La contracultura en la Argentina no es novedosa, ni producto de la post-postmodernidad; sin ir más lejos, el almanaque nos brinda ciertas fechas precisas que significaron un cambio no sólo de signo político, sino de la aparición de una nueva cultura política, la de la espada, con la secuela por todos conocida: Setiembre de 1930 y de 1955.

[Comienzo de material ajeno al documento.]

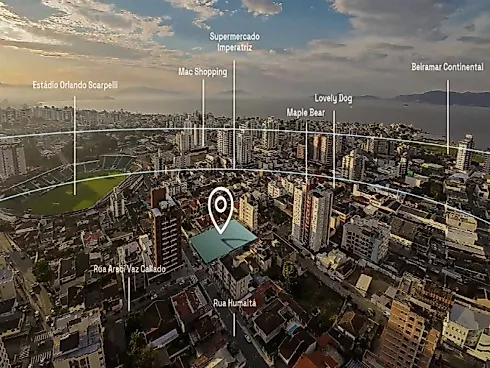 Apartamento 3 Dorm, sendo 1 Suíte - Sky 305 Estreito - Foto 6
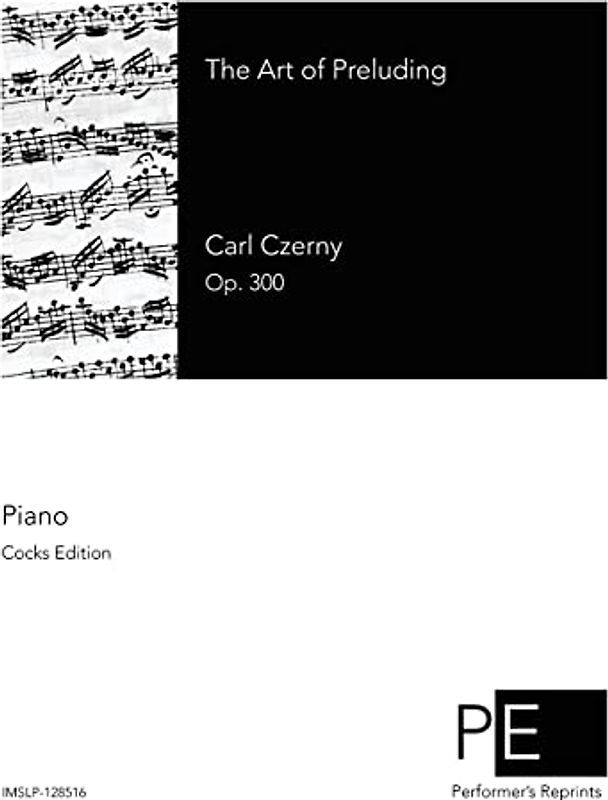 The Art of Preluding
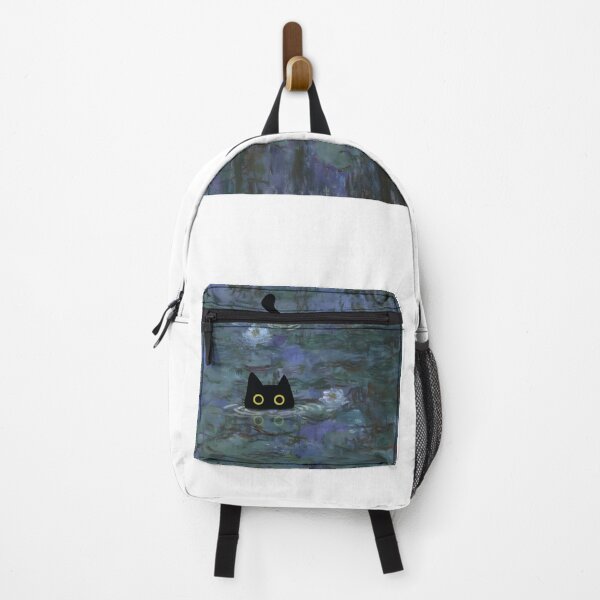 Item preview, cat monet designed and sold by PurrfectHome.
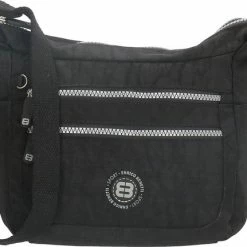 Beste recensies van ✨ Top 10 ❤️ Enrico Benetti Frances Schoudertas - 66832 - Zwart 👏 🔔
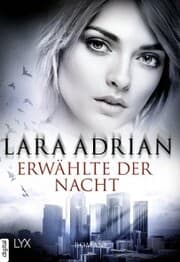 Cover von Erwählte der Nacht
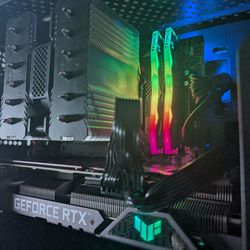 AMD Gaming PC Nvidia GPU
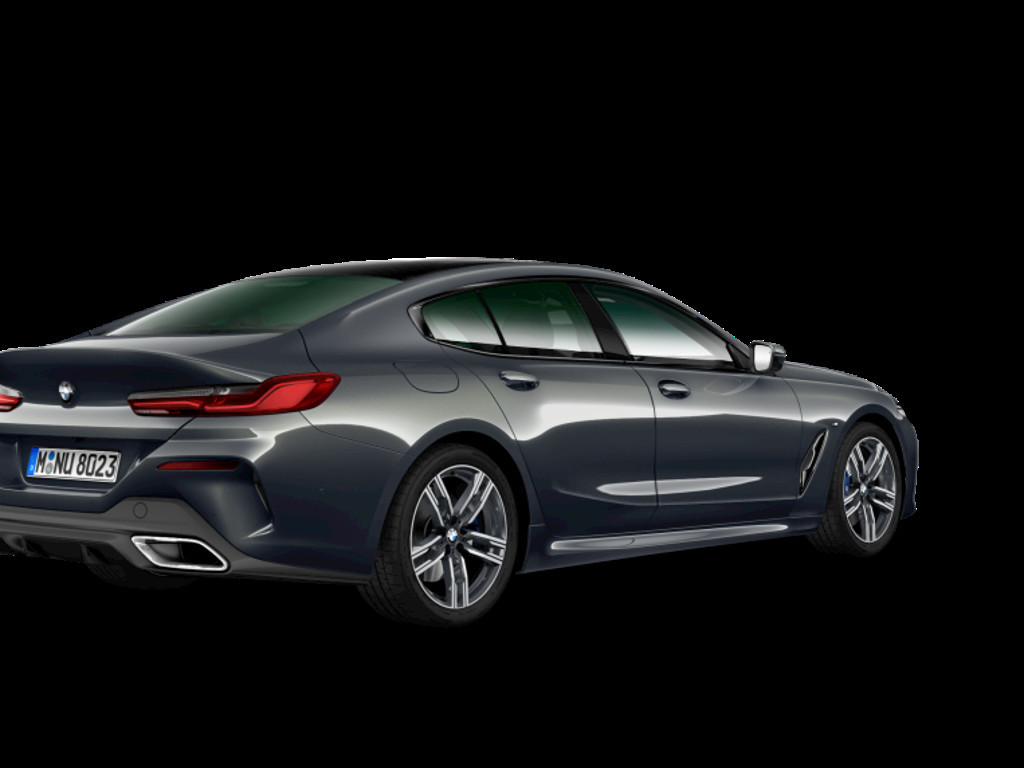 BMW 8 Serie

Y en Junio de 1966, con la aparición del Onganiato, comienza la verdadera construcción de la contracultura, Bernardo Neustad y Mariano Grondona mediante. No sólo la Noche de los Bastones Largos en las Universidades, sino por ejemplo, sacar los bancos de los subterráneos de Buenos Aires para eliminar así el vagabundeo, la desaparición de EUDEBA y el cierre de galerías y muestras de arte por su connotación subversiva.

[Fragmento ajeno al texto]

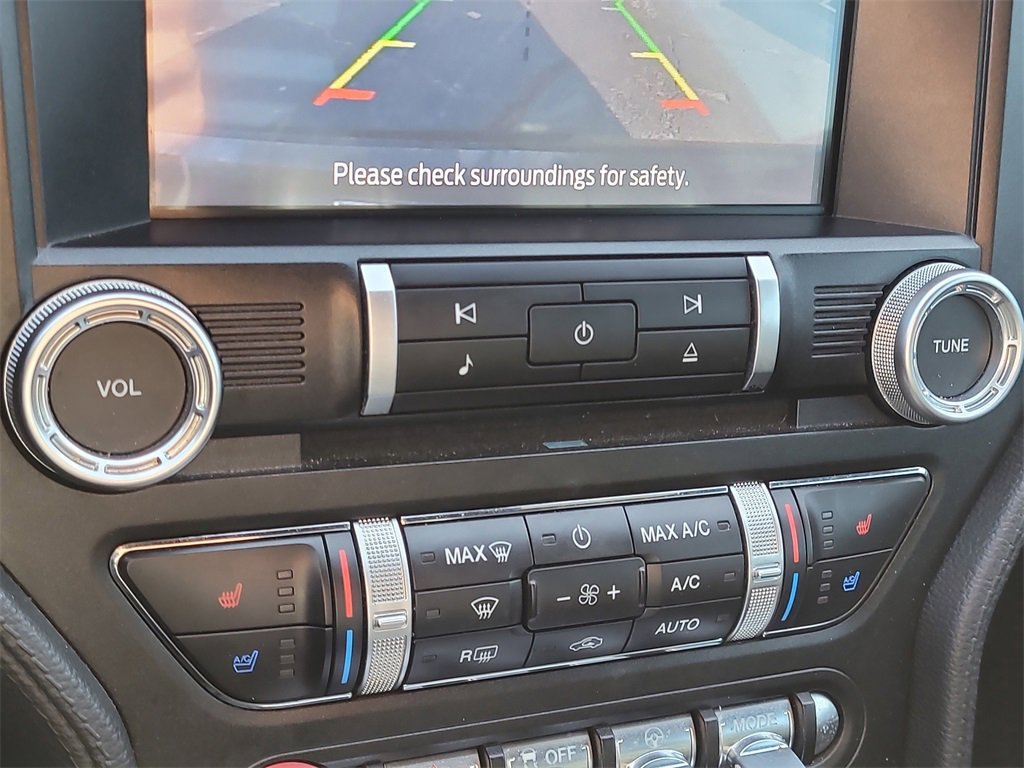 Used 2020 Ford Mustang GT Premium w/ GT Performance Package image 19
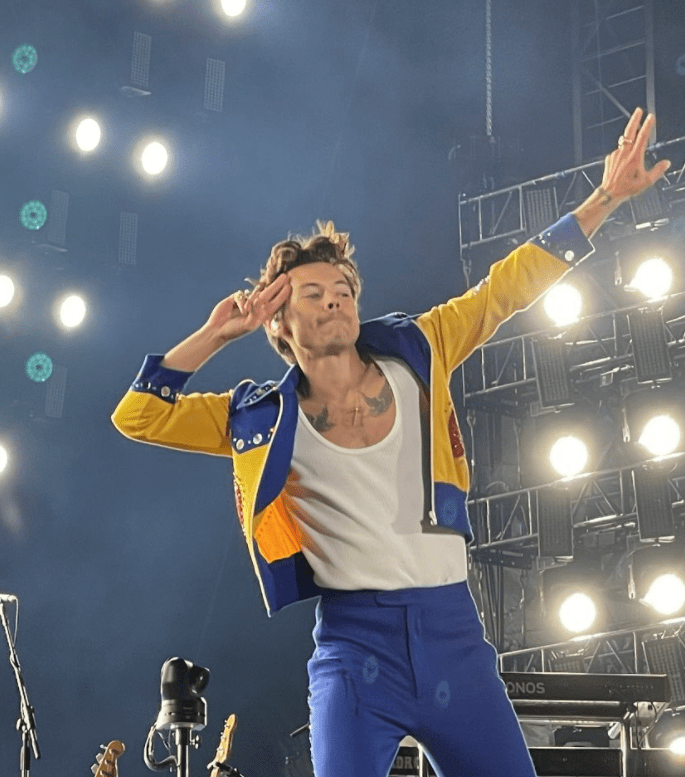 Harry Styles has said a One Direction reunion is not off the cards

Y más acá en el tiempo, el 24 de Marzo de 1976, es el momento culminante de la derrota estratégica del pueblo argentino. Derrota estratégica, porque aún hoy después de 27 años, no hemos podido salir victoriosos; no sólo nos sigue pesando muertos y desaparecidos, sino la pérdida de la cultura del trabajo y la incorporación de la cultura de la especulación, apoyada en célebres frases que en muchos se hicieron carne: no te metás y por algo será.
Sumado a todo esto, la Década del ‘90 y la aplicación de un modelo neoliberal a ultranza que nos hundió y nos llevó a los límites: estuvimos al borde de la desintegración de la Nación y se llevó a inmensos sectores de nuestro pueblo a la marginalidad social, económica y cultural.
Este último modelo económico-social, profundizado desde Martínez de Hoz, ha determinado una cultura que debemos desterrar.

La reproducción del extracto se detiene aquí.